The Siebel Web Engine will provide HTTP listening services and invoke a workflow process through a business service method. This workflow process will accept the incoming XML document and pass it through an integration object into the business object to update Siebel data. Use the following Siebel components:

The Siebel Web Engine

Workflow process

Business services

Note the following prerequisites:

The Enterprise Application Integration (EAI) component group must be enabled (as in Figure 5).

The Thin Client component group does not need to be running.

Figure 5. The Siebel Web Engine

Figure 5. The Siebel Web Engine

Setup Process

The setup process for developing the TT connector involves:

Creating the workflow.

Setting up the configuration files.

Envoking the workflow through a URL.

Creating a new LOV.

Create the Workflow

To create the workflow

1.

Log onto the Siebel client and navigate to Screens > Siebel Workflow Administration > Workflow Processes > All Processes (as shown in Figure 6).

2.

Create a workflow titled Microsoft Connector (the same name as the business service). Click the Process Properties tab, and add the following variables:

SR message with a type of hierarchy.

<Value> with a type of binary

3.

From the palette of Process Designer, add a start, two business services and an end (as shown in Figure 6).

4.

Edit the first business service and choose EAI XML Converter as the business service and XML Document to Integration Object Hierarchy as the method. Create a new input argument, choose XML Document, set the type to Process Property and choose <Value> as the property name. Create a new output argument and choose SR Message as the property name, with Output Argument as the type and Siebel Message as the output argument.

5.

Edit the second business service and choose EAI Siebel Adapter as the business service with Insert or Update as the method. Create a new input argument and choose Siebel Message as the input argument with Process Property as the type and Account Message as the property name. Add an output argument.
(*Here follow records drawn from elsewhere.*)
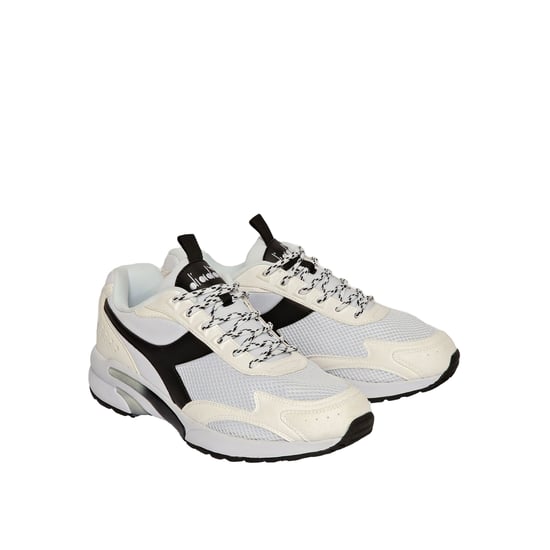 Diadora Distance 280 Mens White Trainers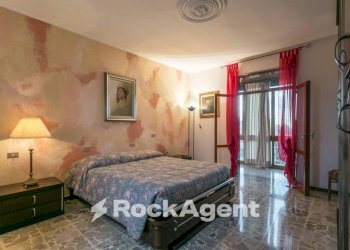 Camera da letto - Trilocale via Enrico Frizzoni, 16, Treviolo - foto 12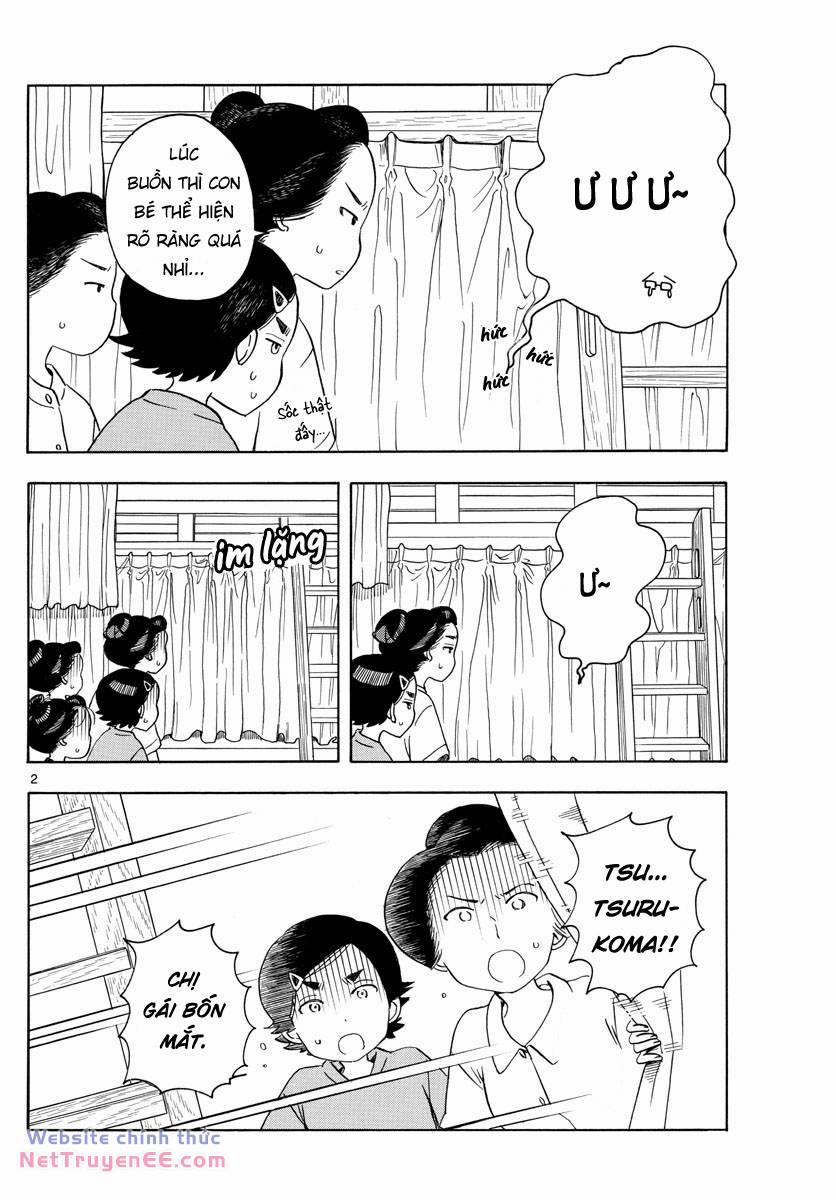 Maiko-San Chi No Makanai-San 141 trang 2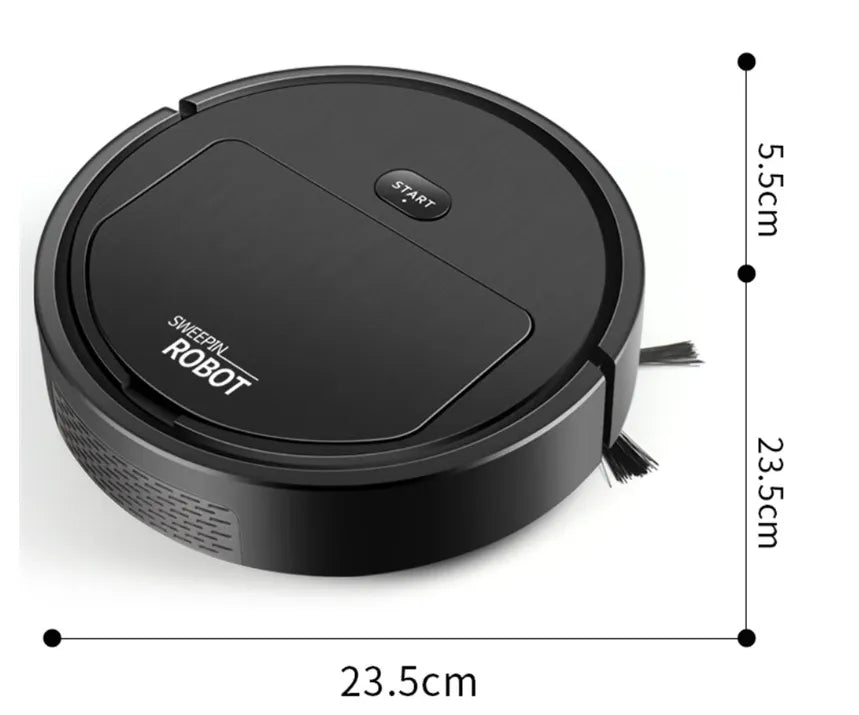DuoClean Robot - Pack 2×1
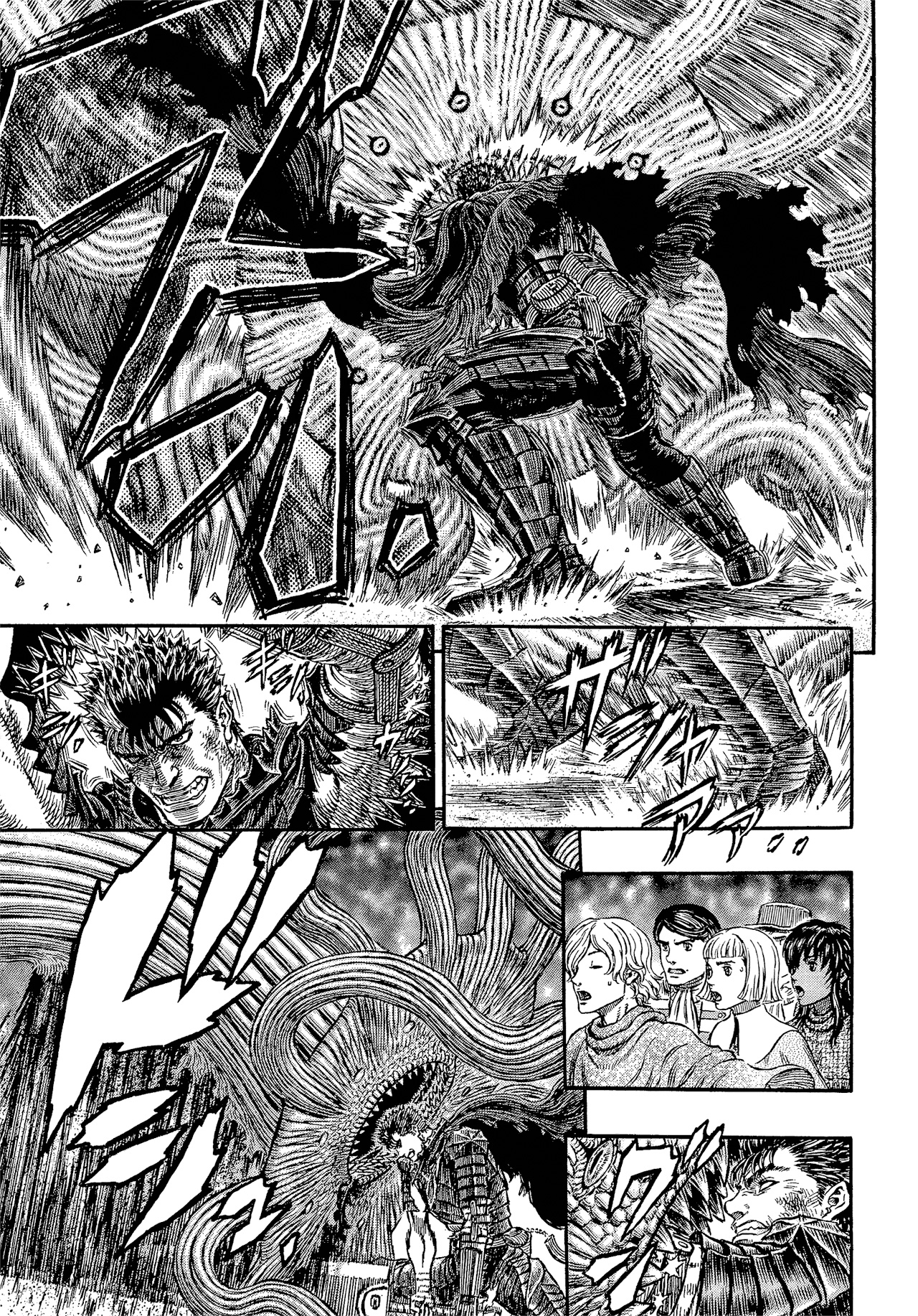 Read Berserk Manga Online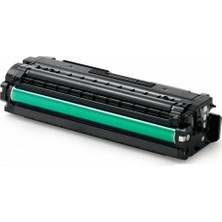 Yüzdeyüz Toner Samsung CLT-C506S CLP-680/CLX-6260 Mavi Muadil Toner 3500 Sayfa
Choose <Value>, designate the type to be Literal and add the following to the value:

<h1>Update Completed</h1>

Figure 6. Creating the workflow

Figure 6. Creating the workflow

Set Up the Configuration Files

To set up the configuration files

1.

Edit eai.cfg to include the following section:

[HTTP Services]

  SiebelMOM = SiebelMOM

[SiebelMOM]

  Mode = Document

  Service = Microsoft MOM

  Method = RunProcess

2.

Modify eapps.cfg to allow the inbound HTTP transport by adding EnableExtServiceOnly = TRUE for the EAI application.

Invoke the Workflow Through a URL

Invoke the workflow through a URL as given in the following example:

Note: Some of the lines in the following code have been displayed on multiple lines for better readability.
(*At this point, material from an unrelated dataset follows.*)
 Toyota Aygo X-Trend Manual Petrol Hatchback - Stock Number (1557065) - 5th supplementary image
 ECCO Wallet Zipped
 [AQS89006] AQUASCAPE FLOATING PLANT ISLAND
http://autoticketdemo.microsoft.com/eai_enu
/start.swe?SWEExtSource=SiebelMOM&SWEExtCmd=Execute
&UserName=SADMIN&Password=SADMIN&SWEExtData=
<?xml version="1.0" encoding="UTF-8"?>
<SiebelMessage MessageId="" MessageType=
"Integration Object" IntObjectName="Sample Service Request">
<ListOfSampleServiceRequest><ServiceRequest>
<SRNumber>SDC-100</SRNumber>
<CustomerRefNumber>4334d03c-323c-4787-8211-01ed033d3c3f
</CustomerRefNumber> <Organization>
Default Organization</Organization>
<Description> 
SIID: 4334d03c-323c-4787-8211-01ed033d3c3f
Description: Low disk space detectedIP: 
172.20.87.30;100.100.100.100User: adminPostToQueue:
1Status: Waiting</Description>
<Abstract>Low disk space detected</Abstract>
<ServiceRequestType>Internal</ServiceRequestType>
<Area>IT</Area><Sub-Area>Hardware Break
/Fix</Sub-Area> <Source>Web</Source>
<ContactCreated>06/09/2003 04:22:05 PM<
/ContactCreated> 
<ContactLastName>Doe</ContactLastName>
<ContactFirstName>John</ContactFirstName>
</ServiceRequest></ListOfSampleServiceRequest
></SiebelMessage>

This will insert a new account called “SDC-100” in the “All Service Requests across Organizations – HelpDesk” view.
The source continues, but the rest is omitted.